Kingdom righteousness in the context of divorce | Matthew 5:31-32

In his continuing commentary on embodying kingdom righteousness, Jesus turns to the topic of divorce, saying “It was said ‘Whoever sends his wife away, let him give her a certificate of divorce’…”

This is a partial quotation of Deuteronomy 24:1 which says “When a man takes a wife and marries her, and it happens if she finds no favor in his eyes because he has found some indecency in her, and he writes her a certificate of divorce and puts it in her hand and sends her out from his house…”
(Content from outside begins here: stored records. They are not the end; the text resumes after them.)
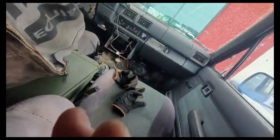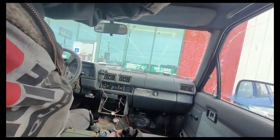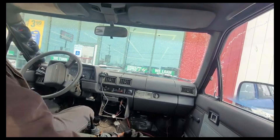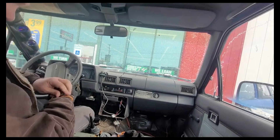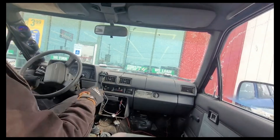You guys want to go for a ride? I got this mount secure now. This is my OM617 SWAT V8 Toyota Pickup with a 5-speed and 430 gears.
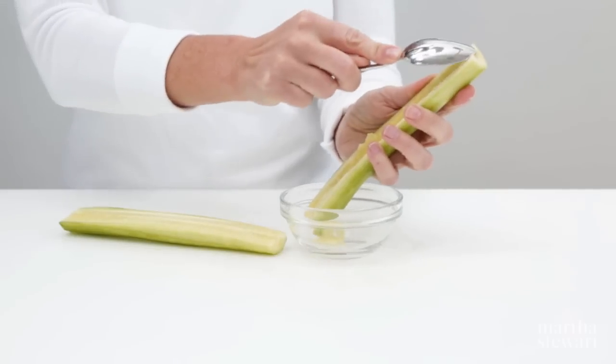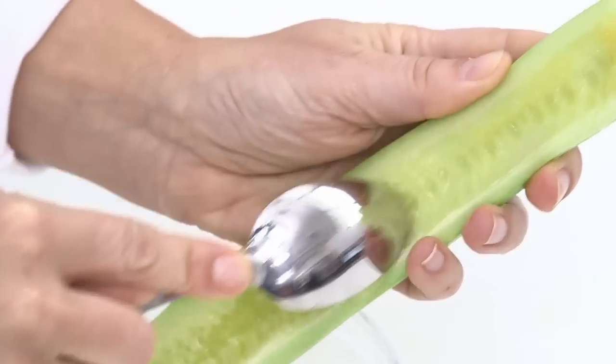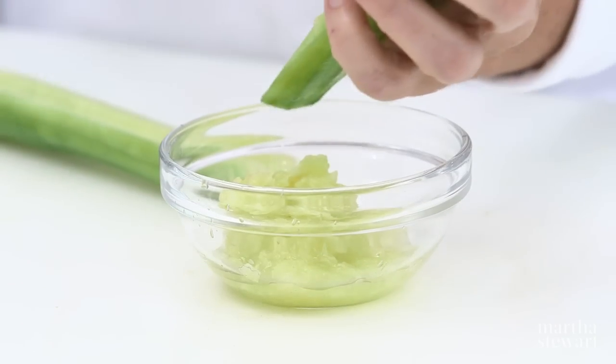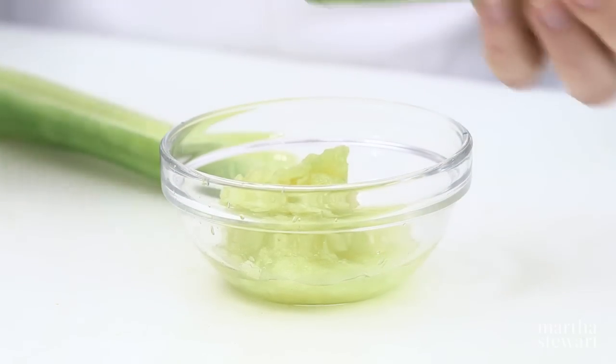Using the tip of a spoon, scrape out the seeds in several gentle motions to prevent the cucumber from breaking. Discard the seeds as they can add unwanted moisture to a recipe.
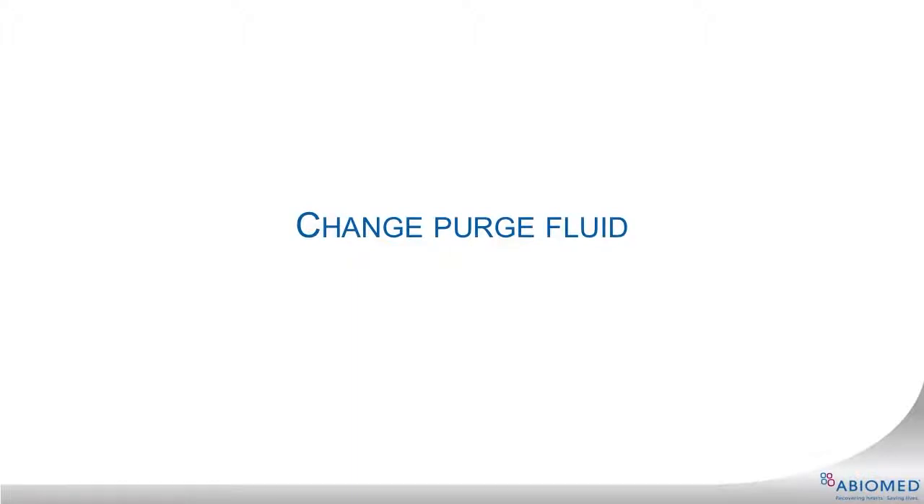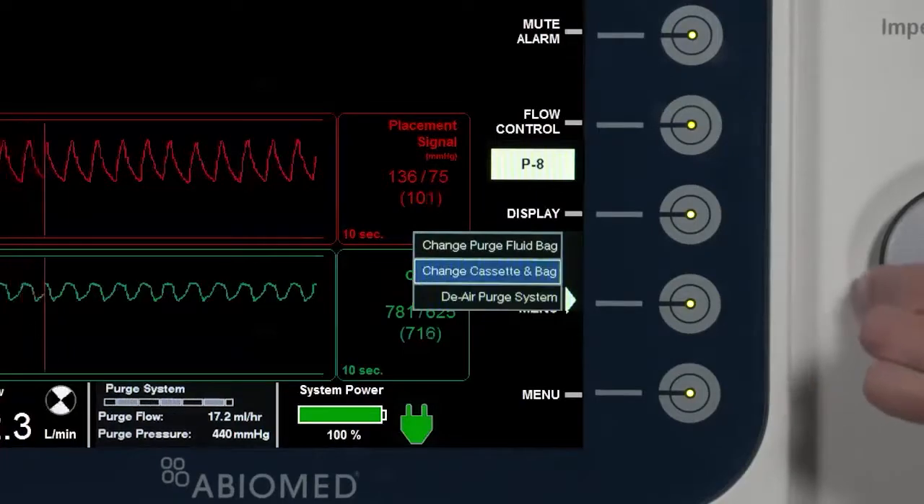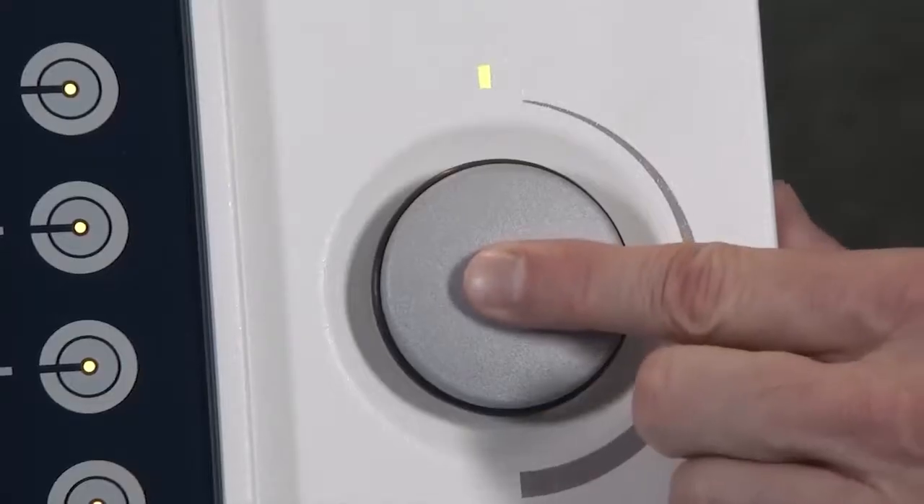To begin the Change Purge Fluid Bag procedure, select the Purge menu soft button. Use the selector knob to scroll to Change Fluid Bag and press in on the selector knob.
This was not a part of the original law God gave to the Israelites. When Moses repeated the law to the people near the end of his life, knowing their stubbornness, he made this allotment for divorce. Before Jesus’ time, a debate had developed around this passage as two leading Pharisees, Hilell and Shammai, differed on how to interpret. Hilell asserted “if she finds no favor in his eyes” meant that men could divorce their wives for any displeasing reason, such as burning toast! Shammai, however, stipulated that phrase was contingent upon her “indecency”, or sexually immoral or adulterous acts she may have committed. Hillel and Shammai’s differing interpretations framed this debate for generations; eventually prevailing opinion during Jesus’ time and the future sided with Hilell, asserting a man could divorce his wife for almost any displeasure.

In a sense, this popular interpretation modified Deuteronomy 24:1 with user-friendliness to enable men to get their way should their marriages not be working out how they preferred, making satisfaction of the self the center of how they understood marriage. It was an understanding Jesus would correct. He continued “but I say to you that everyone who divorces his wife, except for the reason of unchastity, makes her commit adultery; and whoever marries a divorced woman commits adultery.”
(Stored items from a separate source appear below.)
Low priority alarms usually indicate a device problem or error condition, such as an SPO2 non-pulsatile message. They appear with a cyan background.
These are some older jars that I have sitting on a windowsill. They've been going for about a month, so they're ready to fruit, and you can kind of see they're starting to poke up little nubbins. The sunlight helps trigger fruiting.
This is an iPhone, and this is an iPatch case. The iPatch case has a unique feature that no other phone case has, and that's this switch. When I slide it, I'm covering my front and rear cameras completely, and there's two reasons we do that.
Notice how Jesus shifts the conversation focus away from Moses’ allowance of divorce or the presumed cultural acceptance of divorce to the adultery or corruption it induces. Exactly what is it about marriage that divorce corrupts?

An extensive Scriptural discussion, of Ephesians 5:22-33 in particular, reveals marriages are designed to project the redemptive relationship between Christ and his redeemed people, the church. As God subjects all of life to his kingdom reality, which includes the redemption of roles and relationships, marriages are now portrayals and practicums through which kingdom reality is learned and understood. Husbands and wives are to embody their roles as depictions of kingdom righteousness, “so that He might sanctify her…that she would be holy and blameless.” Men learn to be husbands by loving their wives as Christ loved the church; women learn to be wives by responding to this Christ-centered love as those sanctified for Christ-centered service. Husbands and wives learn to serve Christ by serving each other; they learn to be the church by serving each other. Their marriage proclaims the redemptive reality of Christ and his church in how they serve each other. The sacred oneness in marriage is everyday covenant exercise for abiding in sanctified oneness with God.
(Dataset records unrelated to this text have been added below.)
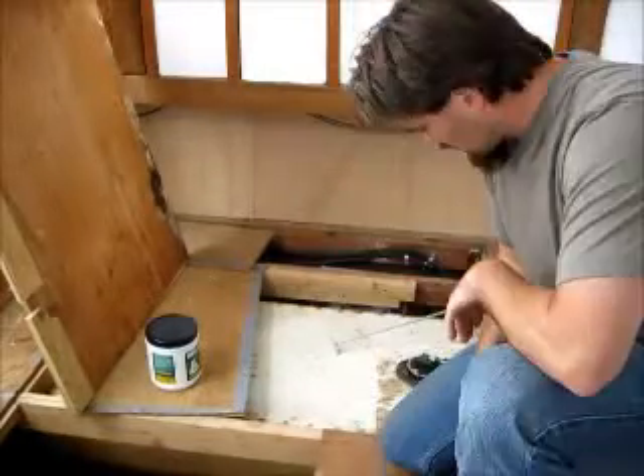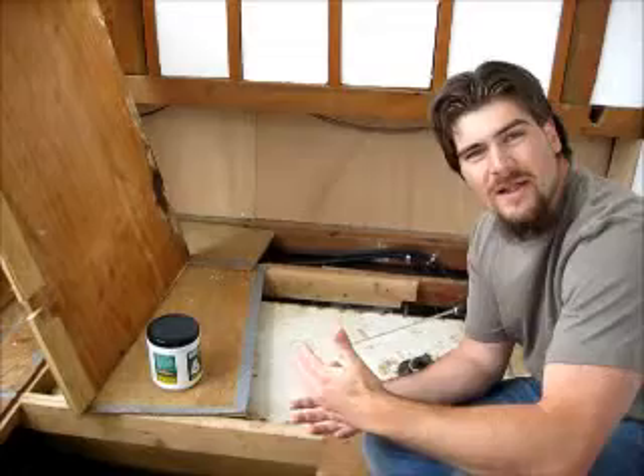We're checking out my marine septic tank here. As you can see, the tank is under the bed and it has about 75 gallons of capacity. But like I said in the article, I've really only got about 5, maybe 10 gallons of usable capacity.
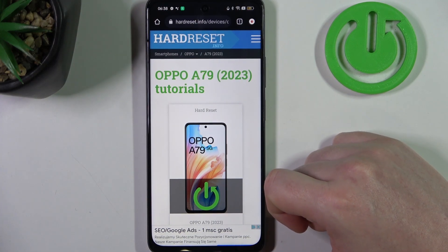Hello! In this video we're gonna check if there's a Gorilla Glass screen protection on Oppo A79.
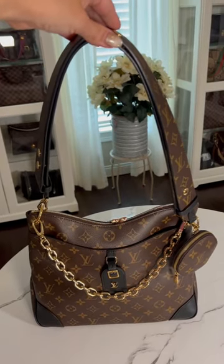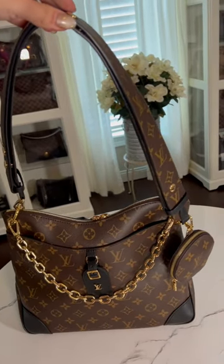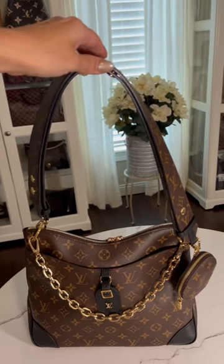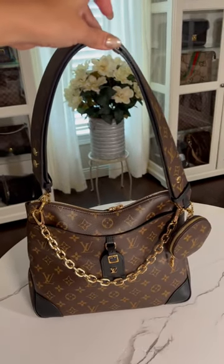Hello! This is the Odeon MM. I added the chain from the Over the Moon and the coin pouch along with the adjustable bandolier strap. It does give this bag a different look, and for me I wanted something different. I would love to hear what you guys think — is this a yay or a nay? Thanks!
Divorce corrupts this sanctification. Wives in this time and culture normally needed a husband in order to survive; being divorced by her husband would likely cause her to remarry, corrupting the sanctified oneness she had been cultivating in her first marriage. And if the husband remarried, he also would be corrupting the sanctified oneness he was to cultivate in his marriage to the wife he had divorced. To Jesus, corrupting the sanctification of a spouse or our own sanctification was reason enough to not get divorced.

This seems to be the only point Jesus wishes to underscore with his divorce comments. While this cultural debate fixated on divorce and what its legitimate reasons were, Jesus is restoring sanctification to the heart of marriage. The goal of marriage is not to avoid divorce; the goal is to embody kingdom righteousness in every aspect of your marriage.

We go into and through marriage with a lot of hopes and expectations, many of which either don’t work out or go a lot differently than imagined. We eventually come upon the realization that marriage does not completely satisfy. Sometimes we resist that realization, sometimes we adjust to the disappointments, and sometimes we begin to consider divorce as a gateway to starting anew. Jesus wants us to see our marriages in view of what God wants to do through them. Scripture frames marriage as a form of discipleship, a communal context in which we cultivate the holy character of Christ. Marriages are a wonderful opportunity to experience satisfaction, but they exist to bring us into sanctification.

Marriage teaches us how to be the church. Being the church starts and is sustained at home, when husbands and wives put Christ and his holy character at the center of how they actually do marriage. That means husbands letting their Self be crucified in order to lead and serve his family in the likeness of Jesus. That means the wife following the lead of her crucified servant husband, participating in the good works they live out together. As they do life together, sanctification shapes their relationship to proclaim the redemption Christ is cultivating amongst his church, the reality in which God wants all relationships to be rooted.